* **Exercise data**:
++++++++

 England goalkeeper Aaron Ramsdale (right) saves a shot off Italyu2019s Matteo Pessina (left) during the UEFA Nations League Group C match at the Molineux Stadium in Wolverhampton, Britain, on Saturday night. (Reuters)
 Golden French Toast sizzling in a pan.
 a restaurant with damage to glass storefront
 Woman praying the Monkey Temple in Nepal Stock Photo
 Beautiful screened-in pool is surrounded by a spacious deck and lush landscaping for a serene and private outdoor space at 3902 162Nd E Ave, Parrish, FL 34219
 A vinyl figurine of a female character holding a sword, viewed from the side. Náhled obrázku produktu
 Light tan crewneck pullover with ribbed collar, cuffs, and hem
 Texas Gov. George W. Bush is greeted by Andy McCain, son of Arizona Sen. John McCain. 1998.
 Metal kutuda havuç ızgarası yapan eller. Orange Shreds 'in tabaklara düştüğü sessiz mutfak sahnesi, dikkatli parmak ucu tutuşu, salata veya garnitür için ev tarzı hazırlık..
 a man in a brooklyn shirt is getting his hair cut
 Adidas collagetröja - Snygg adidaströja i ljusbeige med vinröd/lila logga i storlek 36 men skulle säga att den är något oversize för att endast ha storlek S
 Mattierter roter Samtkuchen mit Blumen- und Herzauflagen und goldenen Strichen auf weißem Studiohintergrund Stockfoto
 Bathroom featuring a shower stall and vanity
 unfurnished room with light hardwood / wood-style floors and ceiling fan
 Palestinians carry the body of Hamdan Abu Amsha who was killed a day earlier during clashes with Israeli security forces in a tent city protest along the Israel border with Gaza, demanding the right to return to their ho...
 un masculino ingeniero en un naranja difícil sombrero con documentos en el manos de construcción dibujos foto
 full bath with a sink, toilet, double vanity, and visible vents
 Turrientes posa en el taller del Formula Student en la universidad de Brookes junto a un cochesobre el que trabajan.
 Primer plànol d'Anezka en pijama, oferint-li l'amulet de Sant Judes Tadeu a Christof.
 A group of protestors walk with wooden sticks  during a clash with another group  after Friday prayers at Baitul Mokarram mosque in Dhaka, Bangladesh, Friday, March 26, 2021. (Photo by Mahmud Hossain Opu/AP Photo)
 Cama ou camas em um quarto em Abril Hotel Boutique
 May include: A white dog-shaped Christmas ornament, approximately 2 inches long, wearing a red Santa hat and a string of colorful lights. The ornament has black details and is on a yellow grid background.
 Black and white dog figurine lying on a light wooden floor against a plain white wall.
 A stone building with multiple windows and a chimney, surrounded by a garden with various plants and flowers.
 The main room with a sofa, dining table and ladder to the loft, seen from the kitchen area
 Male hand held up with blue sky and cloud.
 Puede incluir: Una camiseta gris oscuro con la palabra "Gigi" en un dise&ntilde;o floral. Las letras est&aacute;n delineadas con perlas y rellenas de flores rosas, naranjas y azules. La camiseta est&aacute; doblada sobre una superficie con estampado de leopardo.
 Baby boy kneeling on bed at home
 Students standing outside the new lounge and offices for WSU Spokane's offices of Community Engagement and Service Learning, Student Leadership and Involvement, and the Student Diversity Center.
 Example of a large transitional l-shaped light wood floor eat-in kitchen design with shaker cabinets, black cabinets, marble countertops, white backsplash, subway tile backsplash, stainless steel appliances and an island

++++++++

* **Work instructions**: Retype every line of the listing, word for word, from its opening line to the line that holds "Texas Gov. George", and include that last line too.

* **Answer section**:
 England goalkeeper Aaron Ramsdale (right) saves a shot off Italyu2019s Matteo Pessina (left) during the UEFA Nations League Group C match at the Molineux Stadium in Wolverhampton, Britain, on Saturday night. (Reuters)
 Golden French Toast sizzling in a pan.
 a restaurant with damage to glass storefront
 Woman praying the Monkey Temple in Nepal Stock Photo
 Beautiful screened-in pool is surrounded by a spacious deck and lush landscaping for a serene and private outdoor space at 3902 162Nd E Ave, Parrish, FL 34219
 A vinyl figurine of a female character holding a sword, viewed from the side. Náhled obrázku produktu
 Light tan crewneck pullover with ribbed collar, cuffs, and hem
 Texas Gov. George W. Bush is greeted by Andy McCain, son of Arizona Sen. John McCain. 1998.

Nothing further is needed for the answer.